James Ross Kelly lives in Northern California. Mr. Kelly is a U.S. Army Veteran (1967-1971), Mr. Kelly was in the Army Security Agency and served in Eritrea, East Africa, where he was a teletype intercept operator. He has been a journalist for Gannet, a travel book editor, and had a score of labor jobs — the in-between, jobs you get from being an English major. He retired as a writer-editor for the Forest Service, where he spent the a decade in Oregon and Alaska respectively. He started writing poetry in college on the GI Bill, and after college continued and gave occasional readings in the Pacific Northwest during the 1980s. His poems and stories have appeared in Westwind Review, (Ashland, Oregon), Open Sky (Seattle), Siskiyou Journal (Ashland, Oregon), The Sun (Chapel Hill, NC); Don’t Read This (Ashland, Oregon), Table Rock Sentinel, (Medford, Oregon), Poetry Motel (Duluth, Minnesota), Poems for a Scorpio Moon & Others (Ashland, Oregon), The Red Gate & Other Poems, a handset letterpress chapbook published by Cowan & Tetley (1984, Vancouver, B.C.). In the past three years Silver Birch Press (Los Angeles) so glad is my heart (Duluth, Minnesota), Cargo Literary, (Prince Edward Island, Canada), Fiction Attic, Rock and Sling (Spokane, WA), Edify (Helena, AL) and Flash Fiction have all featured one or more of his stories.
She Owned a Restaurant Up in Bend
“Ever
see a hanging Ernie?” Jack asked.
“Yep, my folks took me to one in
Jacksonville,” Ernie said.
“I was about nine or ten. Spent the
night, had a picnic.
‘I expect this will teach me a valuable
lesson,’ was the feller’s last words.’ Ernie said.
“I don’t remember what he did,” Ernie
said.
“Ernie did you ever see a Grizzly
bear?” Jack asked.
“Nope, they was all kilt out by my time.” Ernie said, “Knew an old’ timer from Jacksonville that had been mauled by a grizzly bear, he said he was out with three fellers and he got attacked. The bear bit on him, and bit on him, and bit on him, then he played dead and the bear went away. He said the other fellers found him and started haulin’ him back to town through the brush, but he just hurt too bad. ‘Fellers,’ he said, ‘jest lay me on top that there gray brush and leave me be—I’m a goner.’
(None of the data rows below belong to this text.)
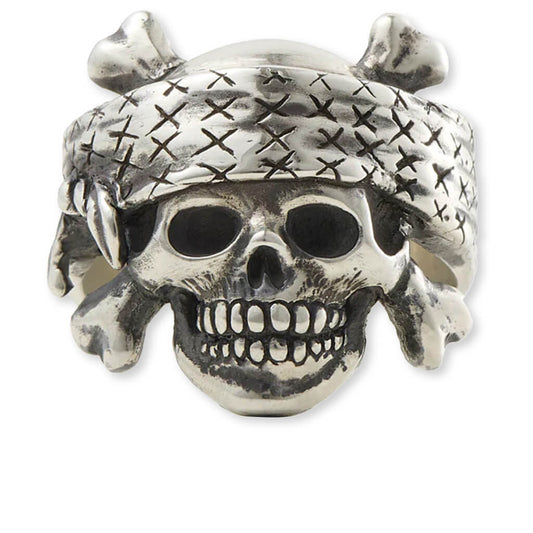 Saint M6 x Bounty Hunter Skull Ring - Silver
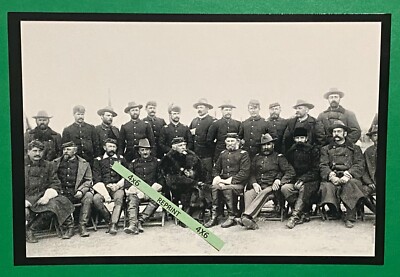 Found 4X6 PHOTO of Old DAKOTA U.S. CAVALRY SOLDIERS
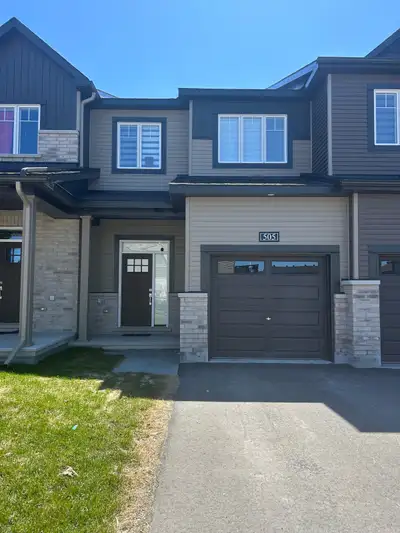 Newly built townhome located in Orleans in a quiet neighbourhood, close to schools, parks, shopping...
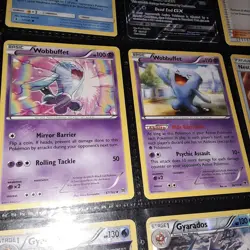 Pokemon TCG Binder Page Lot of 9 Holo Cards & basic Gyrados Wobbuffet Darkrai EX - Image 4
“So, Ernie said, “they left him there
for dead. He said he stayed there on top of the gray brush for a long time,
then got to feelin’ better and walked back to town.”
“How many whore houses were in Medford
Ernie?” Jack asked.
“Six! There was six whorehouses in
Medford.” Ernie said.
“Molly’s was my favorite.” Ernie said.
“Molly’s was right above the Hubbard
Brothers Hardware store. I saw Molly about twenty-five years ago. She owned a
restaurant up in Bend, still serving the public.” Ernie said.
“Were you born in this house
Ernie?” Jack asked.
“Nope, across the Highway next to the
road that goes up the hill to the mine. We had a two-room house there. The mine
started to pay, and my parents built this house closer to the barn and the
river. This here house was built in 1900. I barely remember the other place.
This is mostly where I’ve lived except for the War. Lonely since my wife died,
had to stop driving last year. Mrs. Ownby, gets me anywhere I need to go. My
daughter comes down once a year from Salem. What? Oh, yeah, I fished a lot in
the summertime, limit on trout? Oh, it was a hundred back then. Lots of times I
caught one-twenty-five!”
“What did you do in the Great war
Ernie? Jack asked.
“Machine gunner,” Ernie said.
“Mowed ’em down til they stopped
comin’,” Ernie said.
“Ever climb Mt. Thielsen Ernie?” Jack asked.
“Six times,” Ernie wheezed, from an
abrupt old man kind of certainty, and then he held up one hand with fingers
extended and an upward thumb from the other hand to only waist height, and then
let them down in an exhaustion of age.
“Last time was 1975,” Ernie said,
looking off the precipice of his front porch, “I was 79.”